1789: The Eden Myth
Column by Jim Davies, published on May 8th 2010 in LewRockwell.com
It’s often said that America was once a free country, but that its freedom has been heavily damaged by a relentless growth in government. Some (like Aaron Russo in his documentary America: from Freedom to Fascism) date the decline from 1913, when the Federal Reserve was chartered and the Income Tax enacted; but I no longer think it began that late. The “Pristine State” advocates suppose that there was once in our history a kind of Eden from which we have fallen, and so that all we need now is somehow to get back there – to “constitutional rule.” There wasn’t, and we don’t. I think our troubles began no later than 1789.
The drafting was done in 1787, and the needed nine States had ratified it by June 21st, 1788, so the Constitution became supreme law on that day. Then on March 3rd 1789 Congress opened its doors and the following month George Washington presided. It’s very interesting to notice what the new Congress did, in its first session, from March through September of that year.

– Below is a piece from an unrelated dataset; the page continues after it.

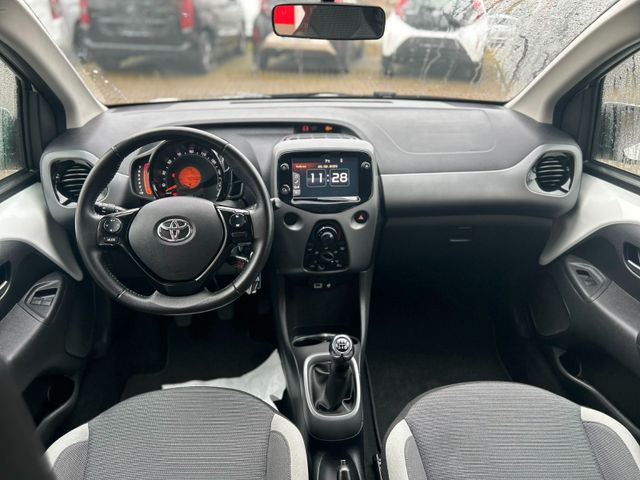 Toyota Aygo 5-deurs Play X-play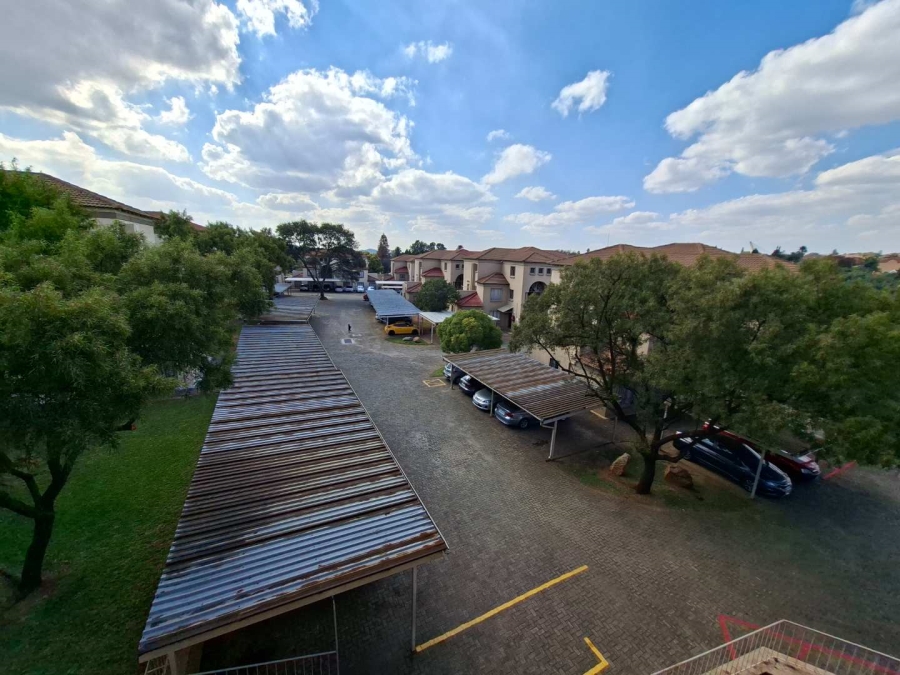 To Let 1 Bedroom Property for Rent in Weltevreden Park Gauteng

It committed six acts, before going home for the winter in September. See if any of them give you warm, fuzzy feelings; and in a moment I’ll focus on the sixth, because of its huge importance.
First came some administration; deciding on how oaths of office were to be taken. Not too much there to bother us.
Second was the “Hamilton Tariff," under which revenue was to be raised. So the second-ever Act of the US Congress was to arrange for the confiscation of property. Sure, it was Constitutional – it was a set of tariffs, imposed on certain imports; some must have recalled that it was a tariff on tea that had sparked the Revolution in the first place, so may have wondered whether anything had changed except the geographic location of the thieves. The import duties favored Northern manufacturers by making foreign goods seem more expensive – it was protectionist – and hurt Southerners by making them pay more. From Day One, a division was being fashioned that led after seventy years to open warfare. So the first substantive thing Congress did was to start to set the scene for internal conflict.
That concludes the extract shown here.